Lines to return, exactly: from the line with "Girls! TECH UP Windrad" to the line with "Bear Toile Women’s Long Sleeve Pajama Set" in the entries below, both included.
....
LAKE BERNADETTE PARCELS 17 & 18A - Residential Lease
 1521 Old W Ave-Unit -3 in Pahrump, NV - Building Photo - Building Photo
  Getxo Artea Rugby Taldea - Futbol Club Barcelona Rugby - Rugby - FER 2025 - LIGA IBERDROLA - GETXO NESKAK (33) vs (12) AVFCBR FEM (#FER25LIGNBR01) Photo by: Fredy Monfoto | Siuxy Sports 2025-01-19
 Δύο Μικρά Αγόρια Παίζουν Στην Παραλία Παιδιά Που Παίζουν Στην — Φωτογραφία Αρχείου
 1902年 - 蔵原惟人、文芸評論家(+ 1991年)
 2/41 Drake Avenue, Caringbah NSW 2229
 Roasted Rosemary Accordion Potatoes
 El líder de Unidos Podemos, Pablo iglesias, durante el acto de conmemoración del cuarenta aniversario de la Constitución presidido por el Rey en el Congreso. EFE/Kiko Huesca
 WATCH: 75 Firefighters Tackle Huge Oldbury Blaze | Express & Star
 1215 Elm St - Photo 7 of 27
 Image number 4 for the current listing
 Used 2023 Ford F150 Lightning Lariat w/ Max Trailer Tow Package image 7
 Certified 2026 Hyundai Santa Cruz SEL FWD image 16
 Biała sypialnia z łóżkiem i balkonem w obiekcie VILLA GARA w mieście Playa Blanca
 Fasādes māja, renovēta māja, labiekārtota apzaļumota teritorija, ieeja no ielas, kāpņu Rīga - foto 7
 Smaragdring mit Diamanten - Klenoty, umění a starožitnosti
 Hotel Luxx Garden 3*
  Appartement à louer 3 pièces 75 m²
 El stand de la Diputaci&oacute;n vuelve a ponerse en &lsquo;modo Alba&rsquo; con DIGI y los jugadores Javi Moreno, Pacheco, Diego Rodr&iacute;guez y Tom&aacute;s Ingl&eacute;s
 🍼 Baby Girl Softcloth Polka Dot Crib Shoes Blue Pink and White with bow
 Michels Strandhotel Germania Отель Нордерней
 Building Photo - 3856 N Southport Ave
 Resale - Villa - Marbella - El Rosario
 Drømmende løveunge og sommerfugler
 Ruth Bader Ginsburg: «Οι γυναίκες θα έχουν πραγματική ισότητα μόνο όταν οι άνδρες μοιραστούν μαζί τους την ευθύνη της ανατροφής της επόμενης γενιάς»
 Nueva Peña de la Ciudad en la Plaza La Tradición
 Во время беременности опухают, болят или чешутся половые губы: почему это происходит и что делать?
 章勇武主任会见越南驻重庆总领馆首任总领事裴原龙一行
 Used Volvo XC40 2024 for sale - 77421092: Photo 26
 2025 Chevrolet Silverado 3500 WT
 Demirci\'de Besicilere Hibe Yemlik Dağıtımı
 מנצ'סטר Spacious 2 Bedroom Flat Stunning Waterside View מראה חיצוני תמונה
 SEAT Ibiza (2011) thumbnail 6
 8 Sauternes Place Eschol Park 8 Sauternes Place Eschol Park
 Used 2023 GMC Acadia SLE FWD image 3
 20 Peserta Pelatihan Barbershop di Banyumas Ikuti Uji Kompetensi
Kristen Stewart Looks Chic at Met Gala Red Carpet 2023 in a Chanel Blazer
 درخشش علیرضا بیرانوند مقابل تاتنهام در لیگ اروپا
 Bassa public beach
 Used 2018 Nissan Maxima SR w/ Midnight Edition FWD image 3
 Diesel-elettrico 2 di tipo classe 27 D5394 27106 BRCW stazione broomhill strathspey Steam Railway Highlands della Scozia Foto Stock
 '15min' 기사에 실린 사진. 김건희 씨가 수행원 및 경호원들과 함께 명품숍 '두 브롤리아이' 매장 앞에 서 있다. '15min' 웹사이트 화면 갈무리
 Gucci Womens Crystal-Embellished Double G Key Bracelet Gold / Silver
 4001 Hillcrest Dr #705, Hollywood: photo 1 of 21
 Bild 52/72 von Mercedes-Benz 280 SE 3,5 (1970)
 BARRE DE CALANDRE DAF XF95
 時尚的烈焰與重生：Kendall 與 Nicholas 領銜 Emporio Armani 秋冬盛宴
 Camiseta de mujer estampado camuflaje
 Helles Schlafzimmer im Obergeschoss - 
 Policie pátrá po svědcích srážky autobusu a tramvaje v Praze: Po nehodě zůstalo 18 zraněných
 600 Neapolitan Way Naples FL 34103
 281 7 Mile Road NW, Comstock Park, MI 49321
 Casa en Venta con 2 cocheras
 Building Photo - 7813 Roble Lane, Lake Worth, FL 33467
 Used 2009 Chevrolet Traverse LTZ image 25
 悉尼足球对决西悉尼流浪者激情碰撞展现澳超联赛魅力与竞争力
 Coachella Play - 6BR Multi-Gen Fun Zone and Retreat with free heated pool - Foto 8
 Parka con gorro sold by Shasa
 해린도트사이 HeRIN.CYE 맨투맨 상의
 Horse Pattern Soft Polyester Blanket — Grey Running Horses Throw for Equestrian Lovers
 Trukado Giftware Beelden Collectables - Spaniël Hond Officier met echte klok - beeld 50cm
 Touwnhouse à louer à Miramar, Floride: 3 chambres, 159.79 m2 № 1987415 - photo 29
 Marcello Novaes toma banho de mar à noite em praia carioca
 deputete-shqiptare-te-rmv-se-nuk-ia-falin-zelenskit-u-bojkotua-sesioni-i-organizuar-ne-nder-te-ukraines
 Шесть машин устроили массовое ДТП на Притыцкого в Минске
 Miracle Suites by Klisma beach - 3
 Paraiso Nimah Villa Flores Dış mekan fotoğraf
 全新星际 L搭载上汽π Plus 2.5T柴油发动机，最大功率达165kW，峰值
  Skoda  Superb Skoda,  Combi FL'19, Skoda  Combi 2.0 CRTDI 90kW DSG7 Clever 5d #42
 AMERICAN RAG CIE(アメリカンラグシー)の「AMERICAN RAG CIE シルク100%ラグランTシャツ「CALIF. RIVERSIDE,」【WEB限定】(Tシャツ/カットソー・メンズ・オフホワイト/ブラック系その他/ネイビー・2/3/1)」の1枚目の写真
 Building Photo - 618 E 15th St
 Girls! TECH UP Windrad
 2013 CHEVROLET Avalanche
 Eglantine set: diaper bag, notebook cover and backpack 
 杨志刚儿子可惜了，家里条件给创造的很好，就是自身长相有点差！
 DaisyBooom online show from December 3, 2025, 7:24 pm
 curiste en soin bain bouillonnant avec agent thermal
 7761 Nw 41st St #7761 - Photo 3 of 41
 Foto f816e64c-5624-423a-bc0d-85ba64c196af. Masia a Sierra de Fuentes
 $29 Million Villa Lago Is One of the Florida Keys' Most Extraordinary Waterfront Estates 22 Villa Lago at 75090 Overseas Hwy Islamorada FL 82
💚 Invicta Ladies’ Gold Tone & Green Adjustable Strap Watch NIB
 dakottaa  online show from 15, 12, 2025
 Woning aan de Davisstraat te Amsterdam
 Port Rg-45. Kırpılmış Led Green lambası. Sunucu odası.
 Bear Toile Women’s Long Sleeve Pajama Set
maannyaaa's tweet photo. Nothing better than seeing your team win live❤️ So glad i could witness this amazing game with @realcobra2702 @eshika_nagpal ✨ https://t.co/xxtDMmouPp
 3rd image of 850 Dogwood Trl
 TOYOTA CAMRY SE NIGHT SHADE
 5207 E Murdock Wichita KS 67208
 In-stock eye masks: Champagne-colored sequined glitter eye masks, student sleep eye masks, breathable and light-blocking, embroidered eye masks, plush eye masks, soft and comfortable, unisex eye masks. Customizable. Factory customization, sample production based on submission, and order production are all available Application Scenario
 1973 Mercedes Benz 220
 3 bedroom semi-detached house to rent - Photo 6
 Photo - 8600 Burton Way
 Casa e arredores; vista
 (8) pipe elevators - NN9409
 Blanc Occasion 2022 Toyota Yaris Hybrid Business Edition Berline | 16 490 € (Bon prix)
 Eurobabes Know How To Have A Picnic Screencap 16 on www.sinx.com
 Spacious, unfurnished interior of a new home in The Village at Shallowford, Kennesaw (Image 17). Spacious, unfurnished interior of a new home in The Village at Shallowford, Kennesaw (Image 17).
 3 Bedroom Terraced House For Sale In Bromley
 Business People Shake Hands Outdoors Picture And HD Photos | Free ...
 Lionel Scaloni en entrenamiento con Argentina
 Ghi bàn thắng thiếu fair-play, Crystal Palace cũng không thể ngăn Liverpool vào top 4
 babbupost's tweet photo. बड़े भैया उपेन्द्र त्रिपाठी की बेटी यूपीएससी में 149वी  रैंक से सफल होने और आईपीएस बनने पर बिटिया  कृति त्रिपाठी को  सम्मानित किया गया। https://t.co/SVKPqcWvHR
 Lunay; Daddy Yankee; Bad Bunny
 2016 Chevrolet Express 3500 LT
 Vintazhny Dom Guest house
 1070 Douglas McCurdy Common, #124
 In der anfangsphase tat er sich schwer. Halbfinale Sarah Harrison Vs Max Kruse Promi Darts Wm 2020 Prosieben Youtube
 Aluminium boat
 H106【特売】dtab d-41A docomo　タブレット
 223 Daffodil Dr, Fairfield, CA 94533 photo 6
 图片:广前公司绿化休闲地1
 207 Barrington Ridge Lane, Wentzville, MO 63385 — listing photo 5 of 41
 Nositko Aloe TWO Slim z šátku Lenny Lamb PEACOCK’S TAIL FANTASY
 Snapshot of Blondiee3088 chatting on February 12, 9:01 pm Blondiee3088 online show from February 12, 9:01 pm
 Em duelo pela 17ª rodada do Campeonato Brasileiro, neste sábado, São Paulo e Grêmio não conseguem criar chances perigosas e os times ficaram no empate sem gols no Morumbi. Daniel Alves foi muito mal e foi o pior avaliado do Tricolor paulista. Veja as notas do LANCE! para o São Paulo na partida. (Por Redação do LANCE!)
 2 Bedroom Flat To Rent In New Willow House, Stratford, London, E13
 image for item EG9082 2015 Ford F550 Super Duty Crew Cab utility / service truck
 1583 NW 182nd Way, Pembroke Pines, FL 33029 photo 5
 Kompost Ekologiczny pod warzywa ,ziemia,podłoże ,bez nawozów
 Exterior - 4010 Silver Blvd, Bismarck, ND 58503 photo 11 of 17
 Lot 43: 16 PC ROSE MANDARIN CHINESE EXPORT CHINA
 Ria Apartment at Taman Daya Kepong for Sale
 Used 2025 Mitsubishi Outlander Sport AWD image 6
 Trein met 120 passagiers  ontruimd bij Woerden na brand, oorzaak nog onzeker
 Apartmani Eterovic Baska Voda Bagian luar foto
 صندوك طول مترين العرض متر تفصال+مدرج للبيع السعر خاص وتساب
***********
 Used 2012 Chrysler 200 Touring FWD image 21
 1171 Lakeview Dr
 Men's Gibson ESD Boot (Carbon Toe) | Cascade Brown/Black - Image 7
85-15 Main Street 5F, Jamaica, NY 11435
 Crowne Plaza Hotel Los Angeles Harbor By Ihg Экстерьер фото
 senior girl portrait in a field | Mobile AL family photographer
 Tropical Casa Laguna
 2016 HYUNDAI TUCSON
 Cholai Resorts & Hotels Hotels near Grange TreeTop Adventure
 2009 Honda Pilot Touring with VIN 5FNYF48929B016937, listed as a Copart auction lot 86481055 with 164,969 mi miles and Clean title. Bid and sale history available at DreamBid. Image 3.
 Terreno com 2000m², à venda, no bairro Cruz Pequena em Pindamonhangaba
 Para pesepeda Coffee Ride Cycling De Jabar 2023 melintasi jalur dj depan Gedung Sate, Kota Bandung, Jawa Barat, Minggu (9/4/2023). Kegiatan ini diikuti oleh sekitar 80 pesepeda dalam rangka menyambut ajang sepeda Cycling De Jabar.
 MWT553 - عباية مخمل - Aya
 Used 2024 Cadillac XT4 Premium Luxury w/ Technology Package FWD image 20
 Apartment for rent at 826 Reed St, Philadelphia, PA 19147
....
Task answer
 Girls! TECH UP Windrad
 2013 CHEVROLET Avalanche
 Eglantine set: diaper bag, notebook cover and backpack 
 杨志刚儿子可惜了，家里条件给创造的很好，就是自身长相有点差！
 DaisyBooom online show from December 3, 2025, 7:24 pm
 curiste en soin bain bouillonnant avec agent thermal
 7761 Nw 41st St #7761 - Photo 3 of 41
 Foto f816e64c-5624-423a-bc0d-85ba64c196af. Masia a Sierra de Fuentes
 $29 Million Villa Lago Is One of the Florida Keys' Most Extraordinary Waterfront Estates 22 Villa Lago at 75090 Overseas Hwy Islamorada FL 82
💚 Invicta Ladies’ Gold Tone & Green Adjustable Strap Watch NIB
 dakottaa  online show from 15, 12, 2025
 Woning aan de Davisstraat te Amsterdam
 Port Rg-45. Kırpılmış Led Green lambası. Sunucu odası.
 Bear Toile Women’s Long Sleeve Pajama Set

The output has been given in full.